# Instructions for the task:
Include no pictures. Output exactly the lines from the one that contains "Гріндер - Phoenix Clean" through the final line of the entries.

# Image-caption web data:
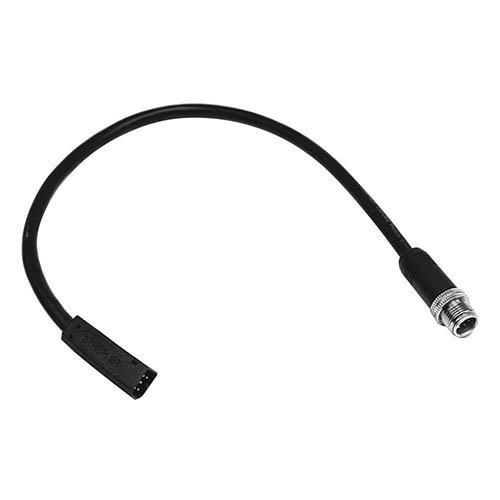 Humminbird Asecqde12 Cable Adapter Bulk Pack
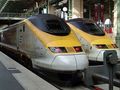 Eurostar promises smartphones for drivers and better use of social media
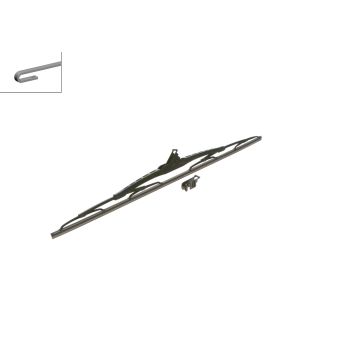 Bosch 3397015408 Wiper Blade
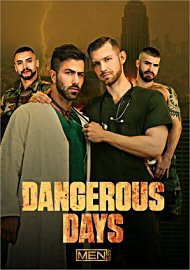 Dangerous Days (2017) (173263.5)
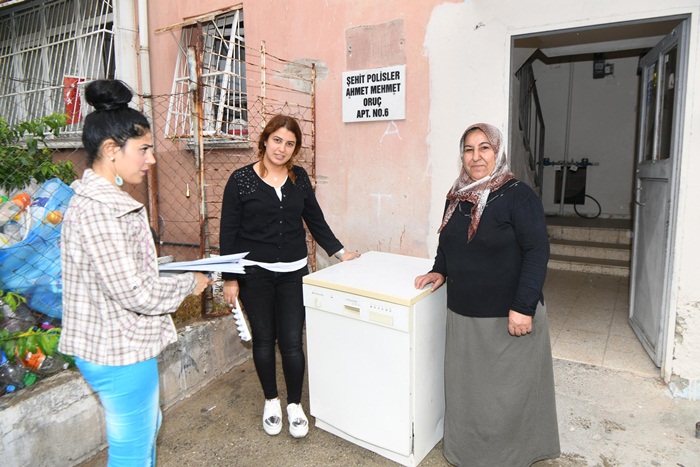 “Gönül Köprüsü Kuruyoruz”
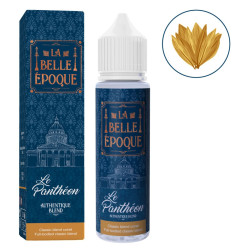 E LIQUIDE AUTHENTIQUE LE PANTHÉON 40ML - LA BELLE ÉPOQUE--alavape.com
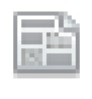 Announcements icon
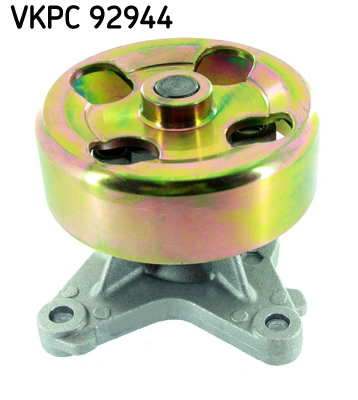 Pompe à eau, refroidissement du moteur SKF VKPC 92944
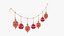 Christmas Ornament Set 04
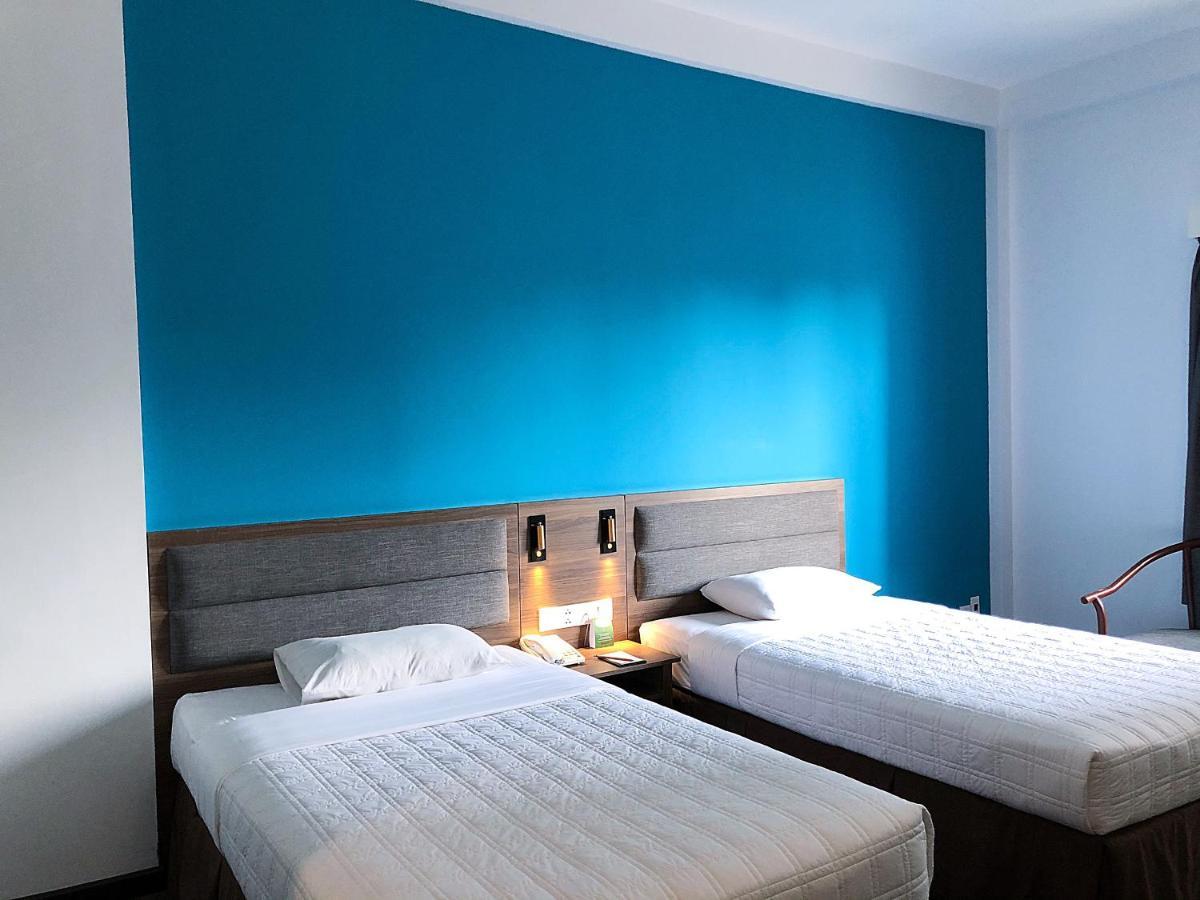 Liberty Saigon Parkview 3* Ho Chi Minh City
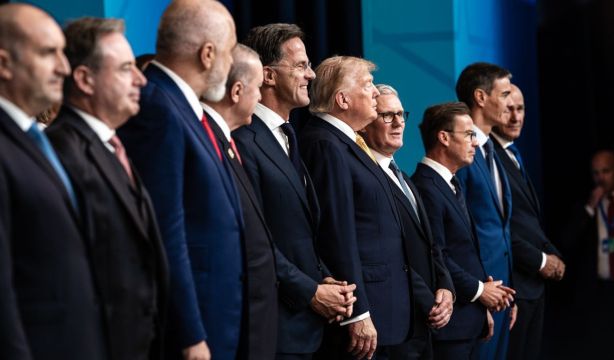 Trump dice ahora que España "se ha redimido" al comprometerse a "numerosos pagos" a la OTAN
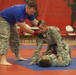 98th Division Army Combatives Tournament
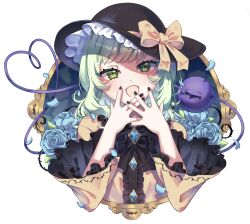 komeiji koishi from touhou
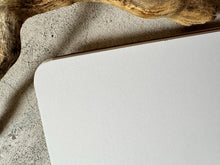 Load image into Gallery viewer, Lino printed - handbound - seagull - notebook
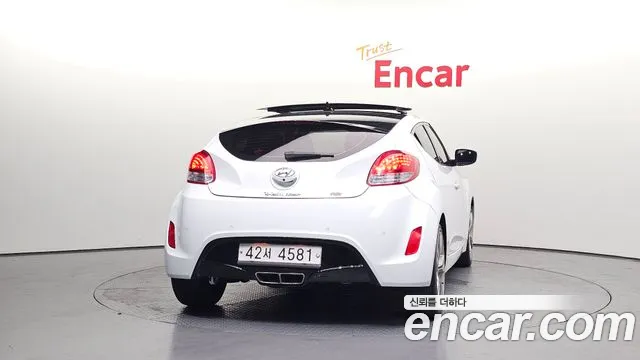 Hyundai Veloster 2014 thumb 2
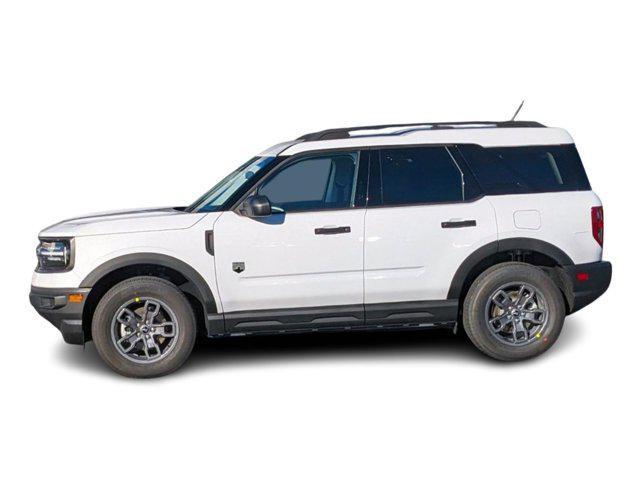 new 2024 Ford Bronco Sport car, priced at $32,515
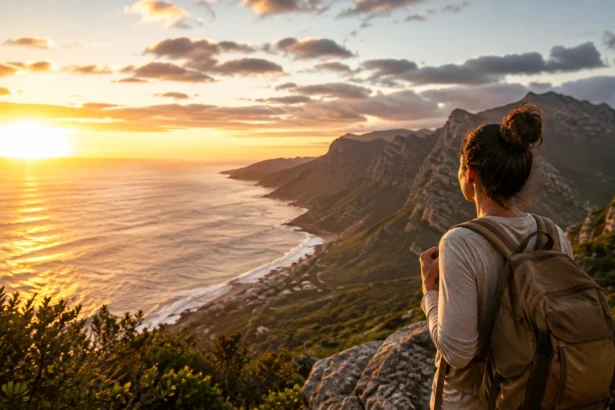 Why is Traveling Good for Your Mental Health
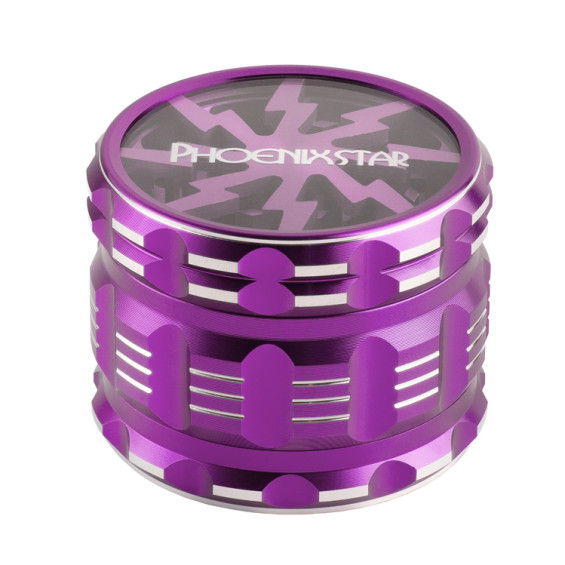 Гріндер - Phoenix Clean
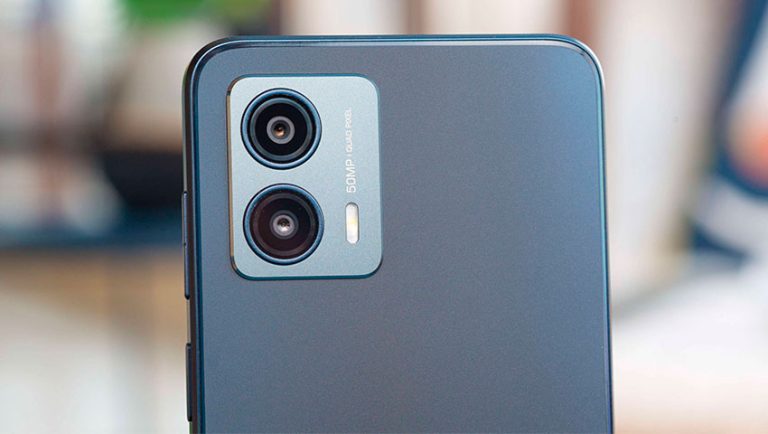 بررسی کوتاه موتورولا موتو G53؛ اتصال فایو جی به چه قیمت؟!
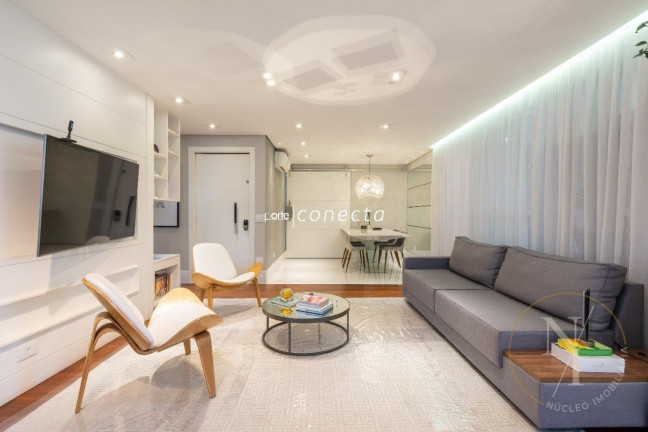 Imagem Apartamento com 3 Quartos à Venda, 152 m² em Vila Regente Feijó - São Paulo Imagem Apartamento com 3 Quartos à Venda, 152 m² em Vila Regente Feijó - São Paulo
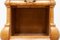 Camere da letto in legno di acero, anni '30, set di 7, Immagine 17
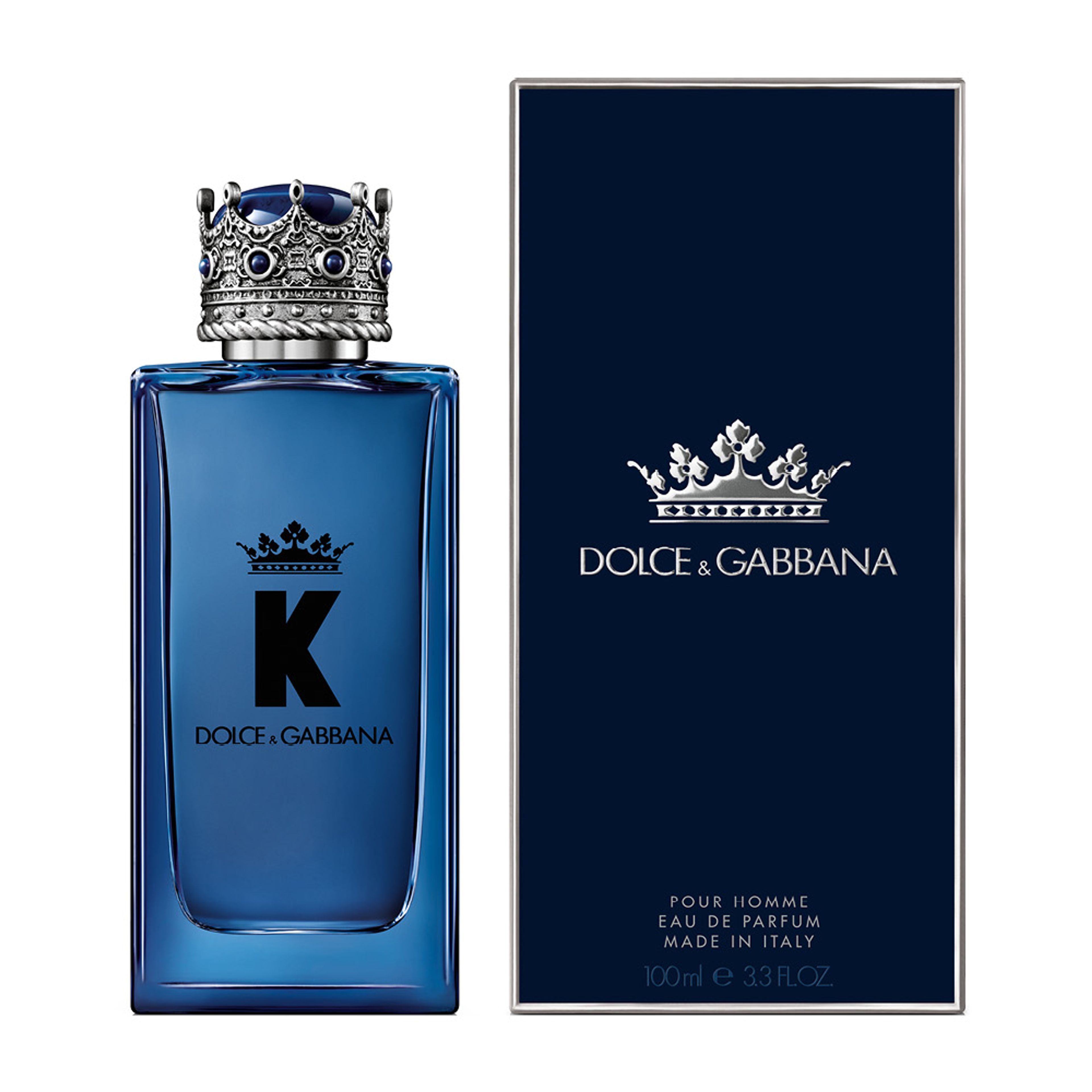 Dolce & Gabbana K By Dolce&gabbana Eau De Parfum 2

# Answer box:
 Гріндер - Phoenix Clean
 بررسی کوتاه موتورولا موتو G53؛ اتصال فایو جی به چه قیمت؟!
 Imagem Apartamento com 3 Quartos à Venda, 152 m² em Vila Regente Feijó - São Paulo Imagem Apartamento com 3 Quartos à Venda, 152 m² em Vila Regente Feijó - São Paulo
 Camere da letto in legno di acero, anni '30, set di 7, Immagine 17
 Dolce & Gabbana K By Dolce&gabbana Eau De Parfum 2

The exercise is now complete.